- TASK TO CARRY OUT -
Although the records contain pictures, none belong in the copy: restate word for word only the lines from the one with "TRUSCO スリムリフト250kg 電動油圧式 800X300 HLE-25-3008" through the one with "en buscar documentos.", both included.

Collected data entries:
___
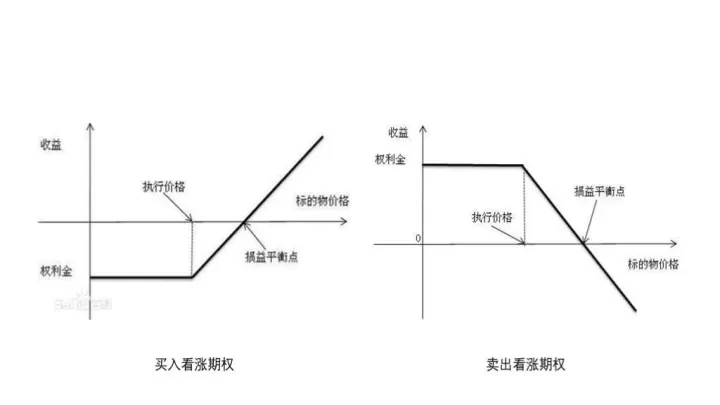 期货最后有没有实物交易(期货最后交易日不卖出有啥后果)_股票理财_第1张_期货投资网 期货最后有没有实物交易(期货最后交易日不卖出有啥后果)_https://www.cqckcrrc.com_股票理财_第1张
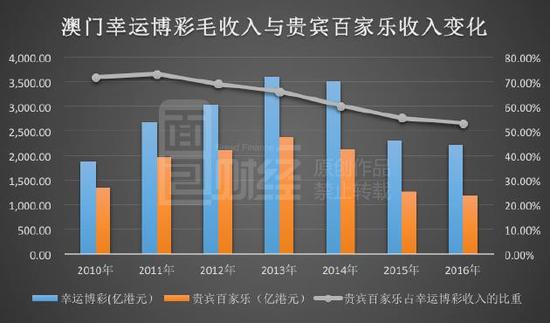 澳门管家婆一肖中特2019,全面数据应用分析_Harmony96.388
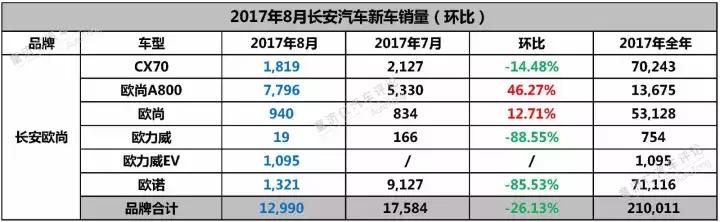 8月轿车全面萎缩的长安,要如何梳理产品线?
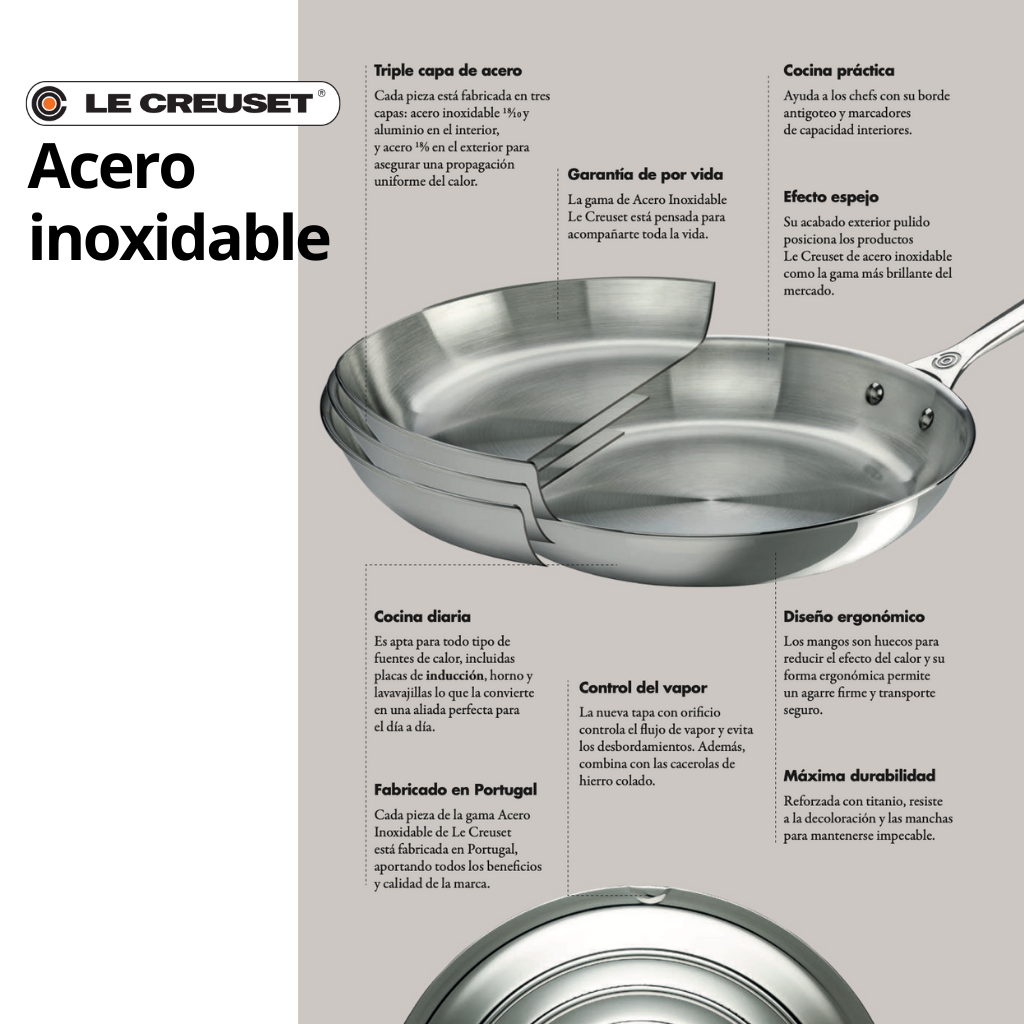  Le Creuset - Juego de utensilios de cocina (16 piezas) : Hogar  y Cocina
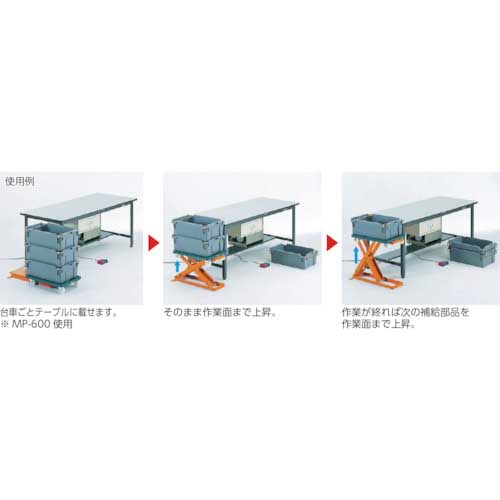 TRUSCO スリムリフト250kg 電動油圧式 800X300 HLE-25-3008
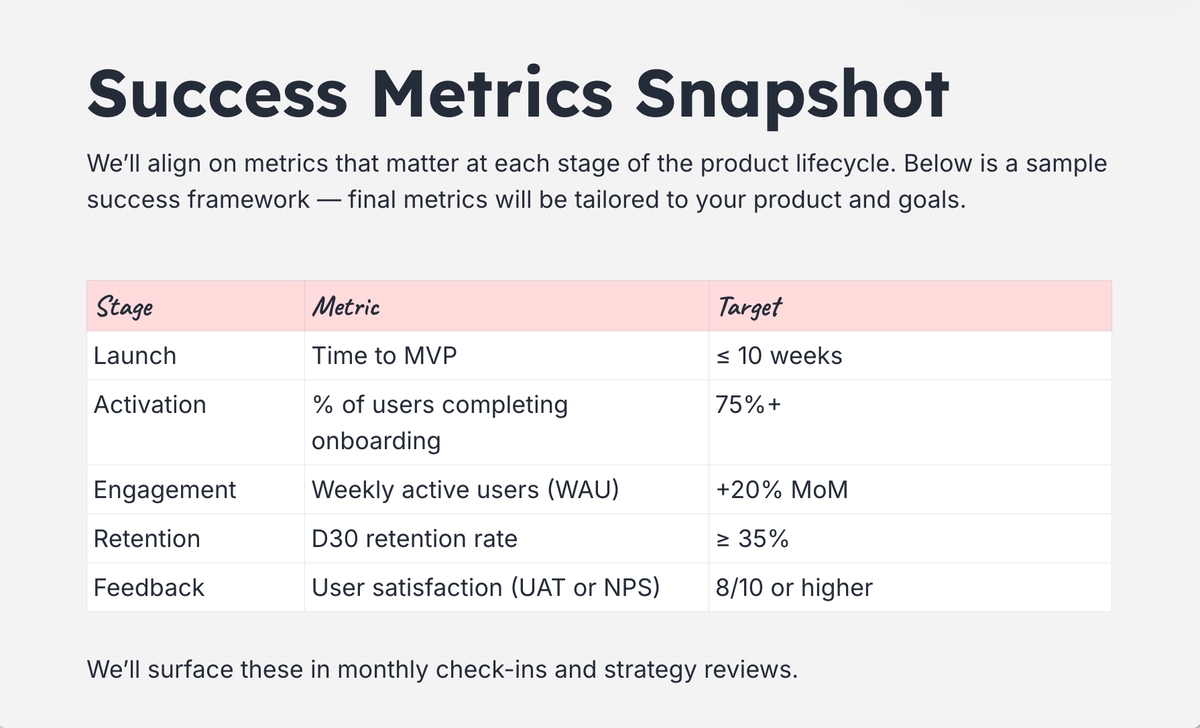 a success metrics snapshot shows metrics that matter at each stage of the product lifecycle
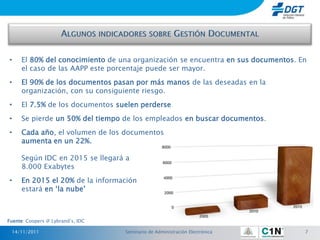•      El 80% del conocimiento de una organización se encuentra en sus documentos. En
       el caso de las AAPP este porcentaje puede ser mayor.
•      El 90% de los documentos pasan por más manos de las deseadas en la
       organización, con su consiguiente riesgo.
•      El 7.5% de los documentos suelen perderse
•      Se pierde un 50% del tiempo de los empleados en buscar documentos.
•      Cada año, el volumen de los documentos
       aumenta en un 22%.

       Según IDC en 2015 se llegará a
       8.000 Exabytes
•      En 2015 el 20% de la información
       estará en „la nube‟



Fuente: Coopers @ Lybrand‟s, IDC

    14/11/2011                     Seminario de Administración Electrónica          7
 
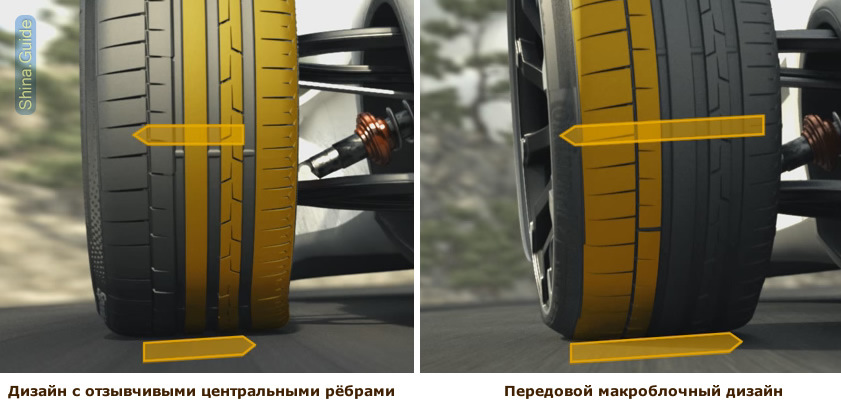 Блоки — BMW 3 series Touring (E46)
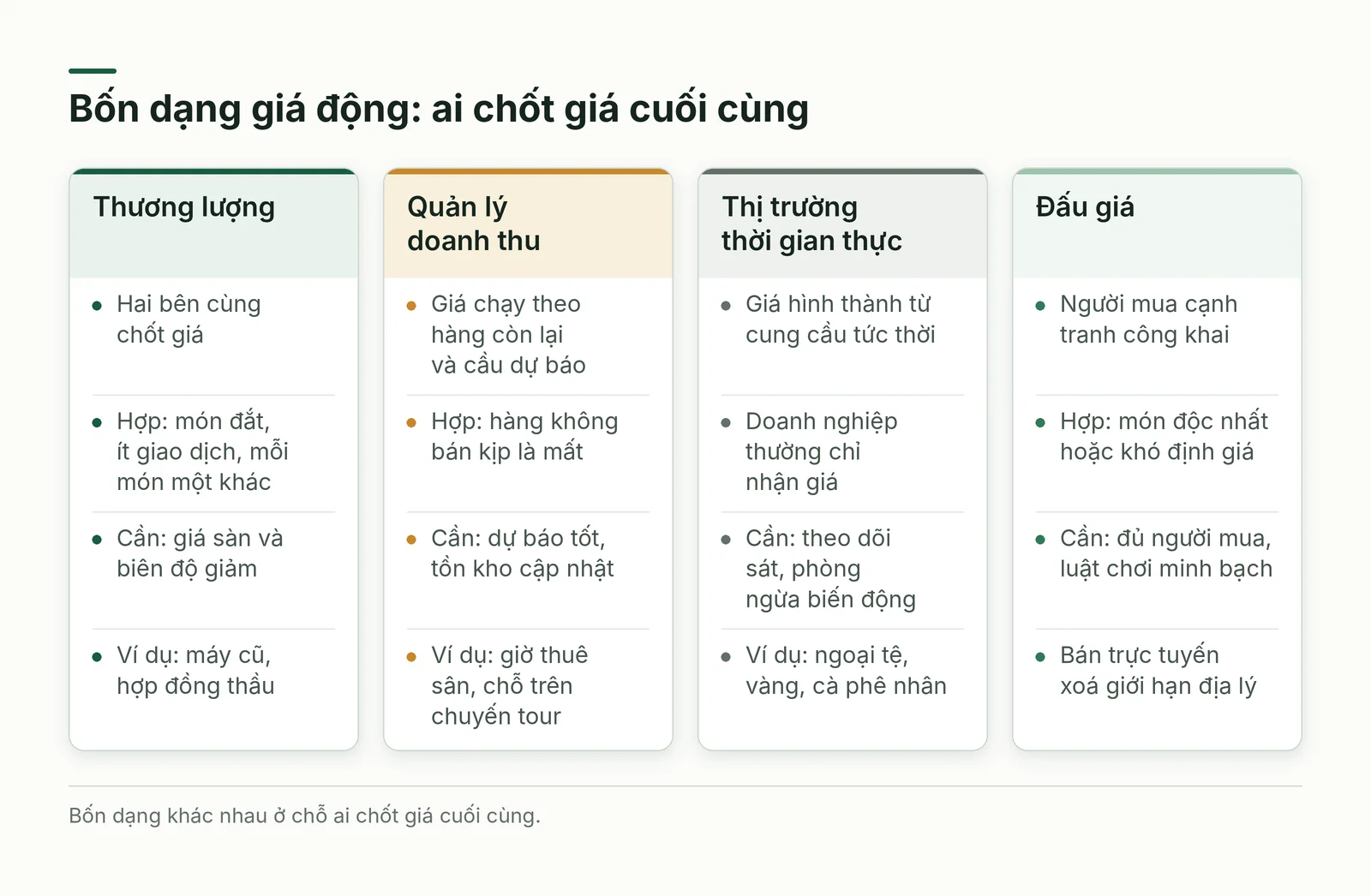 So sánh bốn dạng giá động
___
- ANSWER BOX -
 TRUSCO スリムリフト250kg 電動油圧式 800X300 HLE-25-3008
 a success metrics snapshot shows metrics that matter at each stage of the product lifecycle
•      El 80% del conocimiento de una organización se encuentra en sus documentos. En
       el caso de las AAPP este porcentaje puede ser mayor.
•      El 90% de los documentos pasan por más manos de las deseadas en la
       organización, con su consiguiente riesgo.
•      El 7.5% de los documentos suelen perderse
•      Se pierde un 50% del tiempo de los empleados en buscar documentos.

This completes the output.